→ Exercise brief
Exercise in exact copying: restate word for word only the lines below from the one containing "Resource libraries –" through the one containing "Key Plan Line", omitting any pictures.

→ Records to process
══════
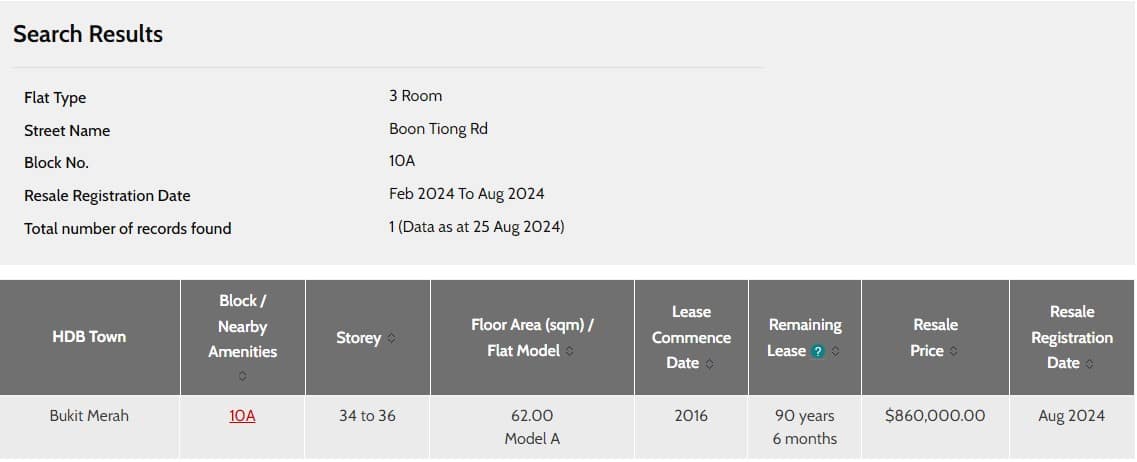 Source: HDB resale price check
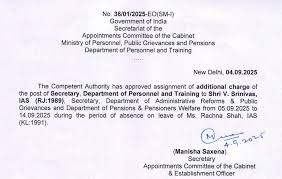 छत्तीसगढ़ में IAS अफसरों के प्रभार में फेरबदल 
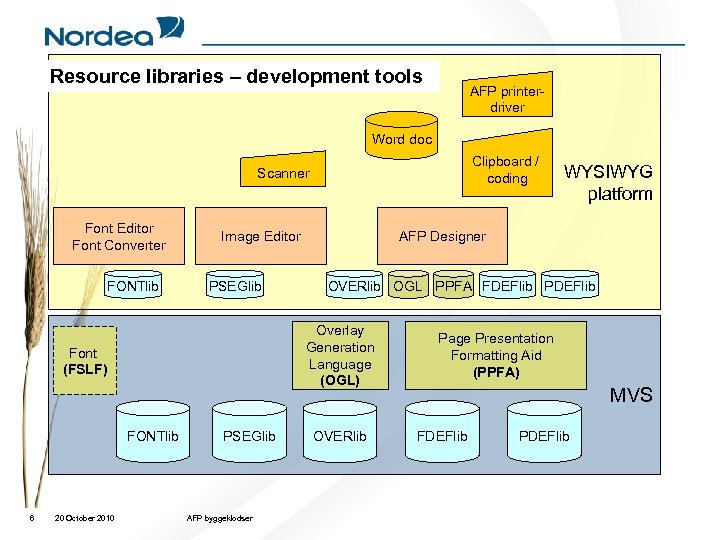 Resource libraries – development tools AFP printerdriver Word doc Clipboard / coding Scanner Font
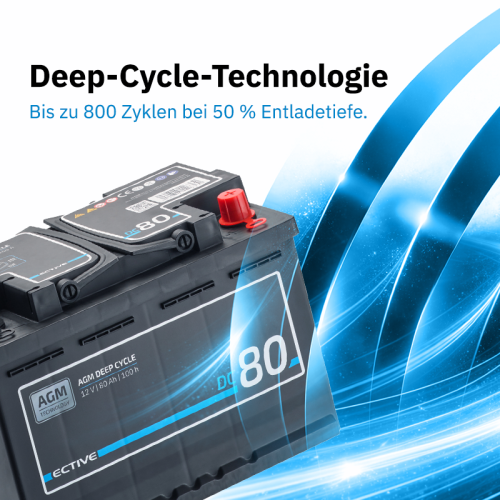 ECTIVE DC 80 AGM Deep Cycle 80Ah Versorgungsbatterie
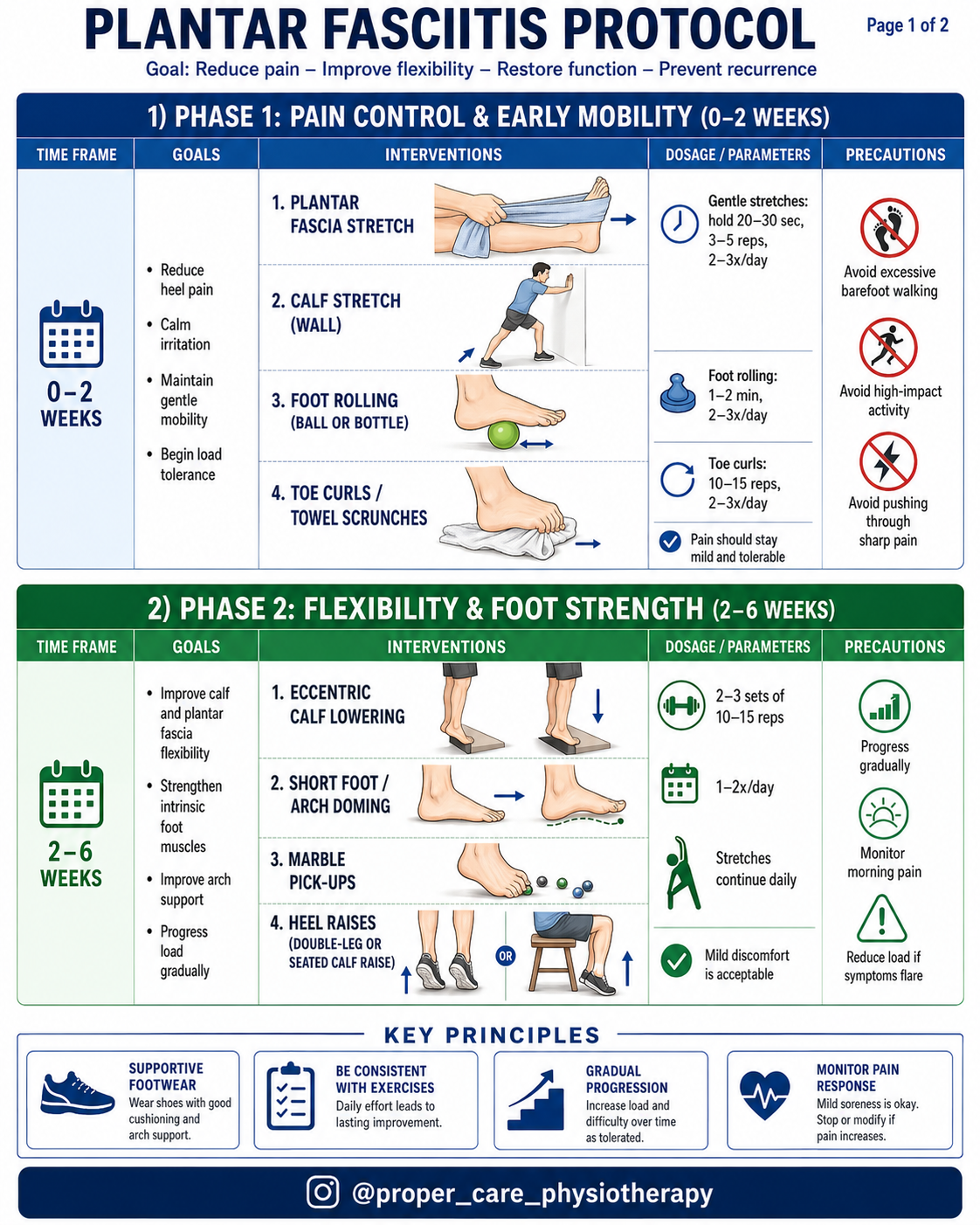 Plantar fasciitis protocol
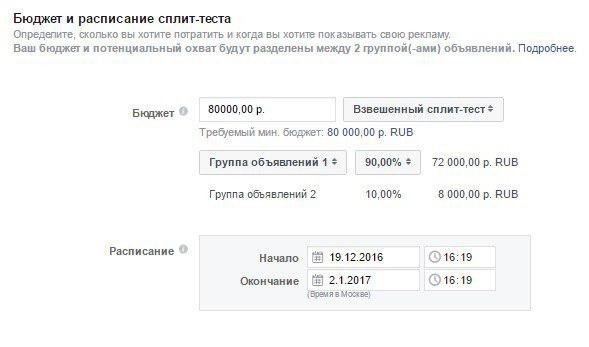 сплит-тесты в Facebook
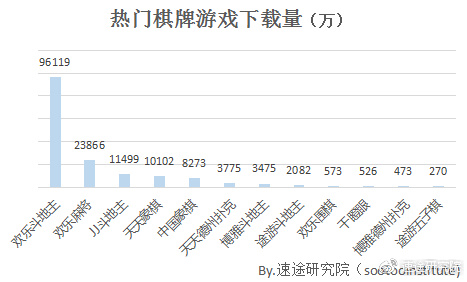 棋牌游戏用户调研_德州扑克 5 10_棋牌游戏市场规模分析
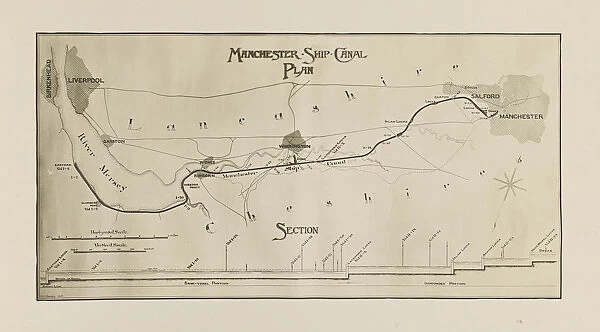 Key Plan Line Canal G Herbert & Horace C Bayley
══════
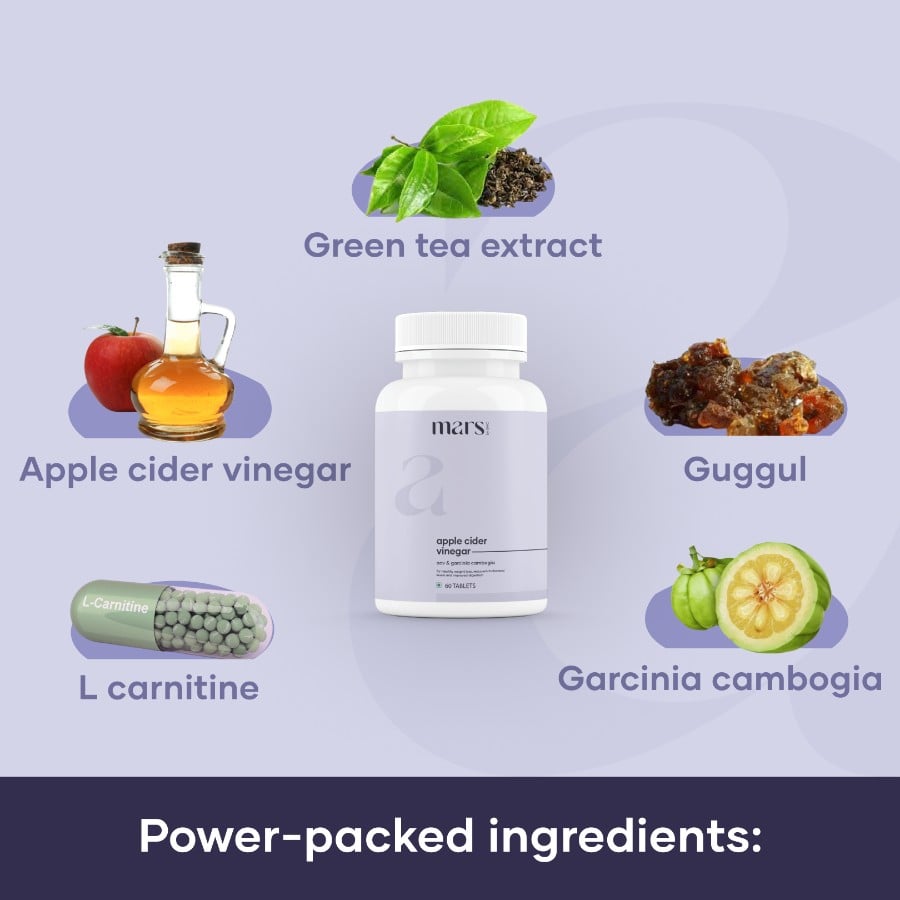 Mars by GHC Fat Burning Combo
══════
→ Solved problem
 Resource libraries – development tools AFP printerdriver Word doc Clipboard / coding Scanner Font
 ECTIVE DC 80 AGM Deep Cycle 80Ah Versorgungsbatterie
 Plantar fasciitis protocol
 сплит-тесты в Facebook
 棋牌游戏用户调研_德州扑克 5 10_棋牌游戏市场规模分析
 Key Plan Line Canal G Herbert & Horace C Bayley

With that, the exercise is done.